Mending of Spatio-Temporal Dependencies in Block Adjacency Matrix
Osama Ahmad, Omer Abdul Jalil, Usman Nazir, Murtaza Taj
TL;DR
This work tackles the limitation of the Block Adjacency Matrix for spatio-temporal graphs by introducing STBAM-GNN, an end-to-end architecture that mends temporal connections missing in the BA approach. A transformer-based encoder augments the BA to produce a connected, learnable spatio-temporal graph, while a GAT-based GNN learns joint spatial-temporal representations for downstream tasks. The method demonstrates state-of-the-art performance on the C2D2 dataset and competitive results on SurgVisDom with far fewer parameters than competing CLIP/3D-CNN baselines, and is supported by spectral analyses showing increased connectivity (fewer zero-Laplacian eigenvalues and higher Fiedler values). This approach offers a computationally efficient pathway to robust spatio-temporal graph learning suitable for online inference and broader domains.
Abstract
In the realm of applications where data dynamically evolves across spatial and temporal dimensions, Graph Neural Networks (GNNs) are often complemented by sequence modeling architectures, such as RNNs and transformers, to effectively model temporal changes. These hybrid models typically arrange the spatial and temporal learning components in series.

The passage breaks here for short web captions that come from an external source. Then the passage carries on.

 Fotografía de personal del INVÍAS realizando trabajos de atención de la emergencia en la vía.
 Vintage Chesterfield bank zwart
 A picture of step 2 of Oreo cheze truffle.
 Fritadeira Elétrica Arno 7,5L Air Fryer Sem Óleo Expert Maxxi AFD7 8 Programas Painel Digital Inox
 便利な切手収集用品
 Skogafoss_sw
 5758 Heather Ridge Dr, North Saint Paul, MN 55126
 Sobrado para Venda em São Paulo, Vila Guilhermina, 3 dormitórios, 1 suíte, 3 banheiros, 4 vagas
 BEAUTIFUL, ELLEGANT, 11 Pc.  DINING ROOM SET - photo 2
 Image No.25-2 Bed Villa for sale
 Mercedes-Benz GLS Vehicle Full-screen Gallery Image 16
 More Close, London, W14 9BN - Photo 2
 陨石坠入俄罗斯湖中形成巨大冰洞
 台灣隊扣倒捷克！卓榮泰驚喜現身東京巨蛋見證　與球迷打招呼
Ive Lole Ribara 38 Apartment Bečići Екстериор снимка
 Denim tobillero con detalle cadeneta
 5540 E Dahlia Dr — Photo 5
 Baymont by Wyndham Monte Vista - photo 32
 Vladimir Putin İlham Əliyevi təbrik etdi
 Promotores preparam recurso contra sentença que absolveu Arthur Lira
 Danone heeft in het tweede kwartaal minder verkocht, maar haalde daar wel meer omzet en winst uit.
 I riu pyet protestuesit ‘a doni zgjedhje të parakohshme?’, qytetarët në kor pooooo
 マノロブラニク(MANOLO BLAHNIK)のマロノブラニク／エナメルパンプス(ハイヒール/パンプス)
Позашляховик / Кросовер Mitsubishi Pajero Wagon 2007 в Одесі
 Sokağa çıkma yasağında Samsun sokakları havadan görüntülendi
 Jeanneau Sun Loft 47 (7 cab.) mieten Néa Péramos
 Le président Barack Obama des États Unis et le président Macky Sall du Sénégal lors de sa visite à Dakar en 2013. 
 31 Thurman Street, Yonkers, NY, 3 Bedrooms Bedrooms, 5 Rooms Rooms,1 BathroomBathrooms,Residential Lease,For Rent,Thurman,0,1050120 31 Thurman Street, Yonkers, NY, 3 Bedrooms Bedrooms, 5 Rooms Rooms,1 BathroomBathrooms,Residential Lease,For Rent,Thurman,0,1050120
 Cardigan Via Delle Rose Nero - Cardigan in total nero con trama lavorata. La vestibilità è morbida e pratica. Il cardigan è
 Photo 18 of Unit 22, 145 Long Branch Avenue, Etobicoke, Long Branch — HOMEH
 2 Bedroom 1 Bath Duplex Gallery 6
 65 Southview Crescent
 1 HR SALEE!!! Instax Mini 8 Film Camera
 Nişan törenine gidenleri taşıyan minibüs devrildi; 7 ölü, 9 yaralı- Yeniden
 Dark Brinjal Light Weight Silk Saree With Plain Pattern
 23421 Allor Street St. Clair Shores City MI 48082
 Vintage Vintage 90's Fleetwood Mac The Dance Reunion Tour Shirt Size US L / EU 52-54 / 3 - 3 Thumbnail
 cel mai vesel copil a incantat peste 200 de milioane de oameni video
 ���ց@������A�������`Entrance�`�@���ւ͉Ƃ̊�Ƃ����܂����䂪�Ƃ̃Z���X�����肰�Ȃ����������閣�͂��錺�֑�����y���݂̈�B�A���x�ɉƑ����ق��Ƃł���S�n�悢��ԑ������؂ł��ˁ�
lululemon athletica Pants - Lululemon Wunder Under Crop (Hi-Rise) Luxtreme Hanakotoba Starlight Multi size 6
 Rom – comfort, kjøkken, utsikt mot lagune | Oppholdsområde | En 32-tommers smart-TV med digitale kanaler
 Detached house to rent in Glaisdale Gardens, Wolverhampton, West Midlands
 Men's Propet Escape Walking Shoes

A pioneering effort to jointly model the spatio-temporal dependencies using only GNNs was the introduction of the Block Adjacency Matrix \(\mathbf{A_B}\) \cite{1}, which was constructed by diagonally concatenating adjacency matrices from graphs at different time steps. This approach resulted in a single graph encompassing complete spatio-temporal data; however, the graphs from different time steps remained disconnected, limiting GNN message-passing to spatially connected nodes only. Addressing this critical challenge, we propose a novel end-to-end learning architecture specifically designed to mend the temporal dependencies, resulting in a well-connected graph. Thus, we provide a framework for the learnable representation of spatio-temporal data as graphs. Our methodology demonstrates superior performance on benchmark datasets, such as SurgVisDom and C2D2, surpassing existing state-of-the-art graph models in terms of accuracy. Our model also achieves significantly lower computational complexity, having far fewer parameters than methods reliant on CLIP and 3D CNN architectures.